I'm going to resolve NO in the next day or two, unless someone convinces me I should wait.

I don't follow things closely enough to know how final results are. However:

Fox shows 220R - 213D (2 undecided)

CNN shows 221R - 213D (1 undecided)

Wikipedia shows 220R - 213D (2 undecided)

The question was will the Rs win at least 230. At this point it seems the answer is pretty clearly NO.

I missed my chance to buy so much more of this. Shame, really.

predicted YES

The prediction now shows 229. (It's half an hour early; if 538's prediction changes in the next half hour, feel free to post and I'll take that into account.)

I may delay resolution until I'm confident in the outcome. Elections have been called wrong in the past

https://en.wikipedia.org/wiki/Dewey_Defeats_Truman

and it sometimes happens that decisive results aren't available for some time. (Slow counting, mail-in votes, recounts, lawsuits, etc.) I'd rather delay resolution that resolve wrong.

predicted YES

@Boklam And (1 pm California time) the prediction is still 229.

So, this resolves YES if 230 or more Rs end up in the House, and NO if 229 or fewer.

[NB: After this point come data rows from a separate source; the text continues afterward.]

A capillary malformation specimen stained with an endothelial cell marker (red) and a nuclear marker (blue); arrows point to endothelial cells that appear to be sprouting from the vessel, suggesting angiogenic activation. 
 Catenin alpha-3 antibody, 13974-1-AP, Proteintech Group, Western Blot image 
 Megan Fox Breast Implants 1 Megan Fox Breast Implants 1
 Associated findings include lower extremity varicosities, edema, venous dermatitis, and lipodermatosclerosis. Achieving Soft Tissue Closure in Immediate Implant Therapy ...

While polls often do undercount the support on the right, FiveThirtyEight does make some standard adjustments to the raw data in an effort to remove that (among many other) structural bias. I figure the best outside view here is how often they've done this in the past, and I'm currently trying to figure that out. Sadly, they don't keep a quick index of their previous predictions versus reality around, which is telling about their real commitment to accuracy, I think.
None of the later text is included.